Work to complete
All lines in the records below from the line with "Side view man getting professional massage" through the line with "tiled living room featuring ceiling fan" are to be given again exactly, both ends included; the pictures are to be left out.

The records
○ ○ ○
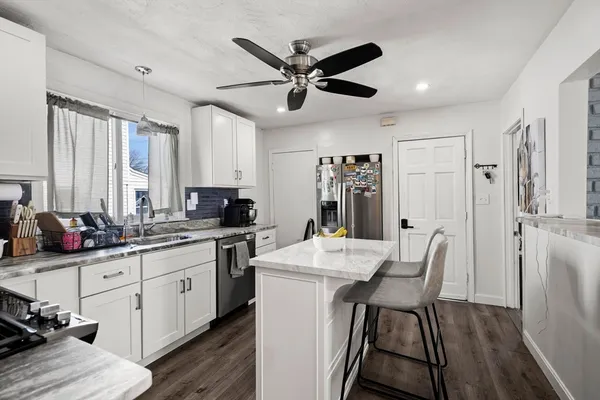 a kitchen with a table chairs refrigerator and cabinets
○ ○ ○
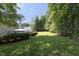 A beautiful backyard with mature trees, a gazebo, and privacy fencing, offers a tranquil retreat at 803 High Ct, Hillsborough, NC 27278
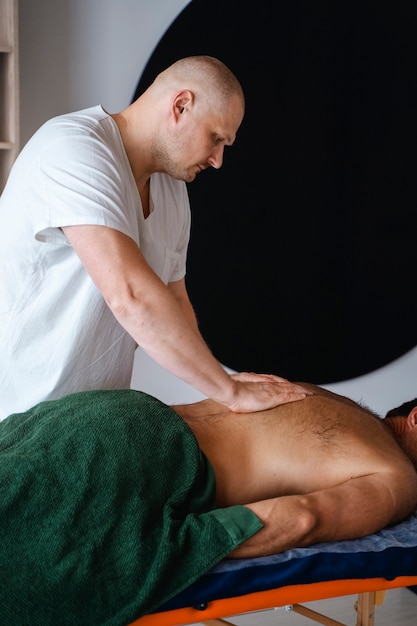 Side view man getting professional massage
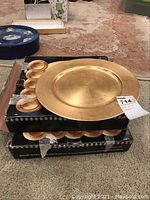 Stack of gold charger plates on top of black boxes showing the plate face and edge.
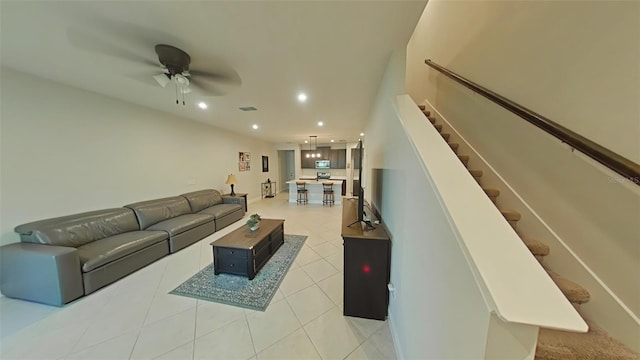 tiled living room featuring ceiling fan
○ ○ ○
Written answer
 Side view man getting professional massage
 Stack of gold charger plates on top of black boxes showing the plate face and edge.
 tiled living room featuring ceiling fan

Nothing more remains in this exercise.